____ WORKING DATA
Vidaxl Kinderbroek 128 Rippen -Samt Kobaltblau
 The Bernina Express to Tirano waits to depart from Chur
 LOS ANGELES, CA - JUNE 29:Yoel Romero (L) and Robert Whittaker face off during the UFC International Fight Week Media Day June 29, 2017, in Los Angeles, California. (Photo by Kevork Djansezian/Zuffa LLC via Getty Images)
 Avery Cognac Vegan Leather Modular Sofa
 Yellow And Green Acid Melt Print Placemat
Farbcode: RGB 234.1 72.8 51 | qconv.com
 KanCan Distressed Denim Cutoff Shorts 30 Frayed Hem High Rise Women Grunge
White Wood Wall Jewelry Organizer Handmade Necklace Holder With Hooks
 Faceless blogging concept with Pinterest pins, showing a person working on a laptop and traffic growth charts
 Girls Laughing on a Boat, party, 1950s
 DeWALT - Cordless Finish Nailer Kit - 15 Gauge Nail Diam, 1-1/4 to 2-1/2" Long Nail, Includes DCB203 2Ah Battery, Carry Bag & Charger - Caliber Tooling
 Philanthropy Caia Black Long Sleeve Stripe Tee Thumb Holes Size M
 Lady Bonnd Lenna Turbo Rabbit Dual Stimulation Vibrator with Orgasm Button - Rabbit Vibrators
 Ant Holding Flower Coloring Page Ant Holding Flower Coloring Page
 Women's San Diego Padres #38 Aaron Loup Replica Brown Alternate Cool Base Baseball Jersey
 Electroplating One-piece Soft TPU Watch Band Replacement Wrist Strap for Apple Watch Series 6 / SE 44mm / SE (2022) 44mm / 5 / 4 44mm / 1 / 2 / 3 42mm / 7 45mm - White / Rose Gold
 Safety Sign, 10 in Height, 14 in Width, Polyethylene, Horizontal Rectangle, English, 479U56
________
▶ _ASSIGNED TASK_
Your answer must be the full listing above, printed exactly as it stands.

▶ _RESPONSE_
Vidaxl Kinderbroek 128 Rippen -Samt Kobaltblau
 The Bernina Express to Tirano waits to depart from Chur
 LOS ANGELES, CA - JUNE 29:Yoel Romero (L) and Robert Whittaker face off during the UFC International Fight Week Media Day June 29, 2017, in Los Angeles, California. (Photo by Kevork Djansezian/Zuffa LLC via Getty Images)
 Avery Cognac Vegan Leather Modular Sofa
 Yellow And Green Acid Melt Print Placemat
Farbcode: RGB 234.1 72.8 51 | qconv.com
 KanCan Distressed Denim Cutoff Shorts 30 Frayed Hem High Rise Women Grunge
White Wood Wall Jewelry Organizer Handmade Necklace Holder With Hooks
 Faceless blogging concept with Pinterest pins, showing a person working on a laptop and traffic growth charts
 Girls Laughing on a Boat, party, 1950s
 DeWALT - Cordless Finish Nailer Kit - 15 Gauge Nail Diam, 1-1/4 to 2-1/2" Long Nail, Includes DCB203 2Ah Battery, Carry Bag & Charger - Caliber Tooling
 Philanthropy Caia Black Long Sleeve Stripe Tee Thumb Holes Size M
 Lady Bonnd Lenna Turbo Rabbit Dual Stimulation Vibrator with Orgasm Button - Rabbit Vibrators
 Ant Holding Flower Coloring Page Ant Holding Flower Coloring Page
 Women's San Diego Padres #38 Aaron Loup Replica Brown Alternate Cool Base Baseball Jersey
 Electroplating One-piece Soft TPU Watch Band Replacement Wrist Strap for Apple Watch Series 6 / SE 44mm / SE (2022) 44mm / 5 / 4 44mm / 1 / 2 / 3 42mm / 7 45mm - White / Rose Gold
 Safety Sign, 10 in Height, 14 in Width, Polyethylene, Horizontal Rectangle, English, 479U56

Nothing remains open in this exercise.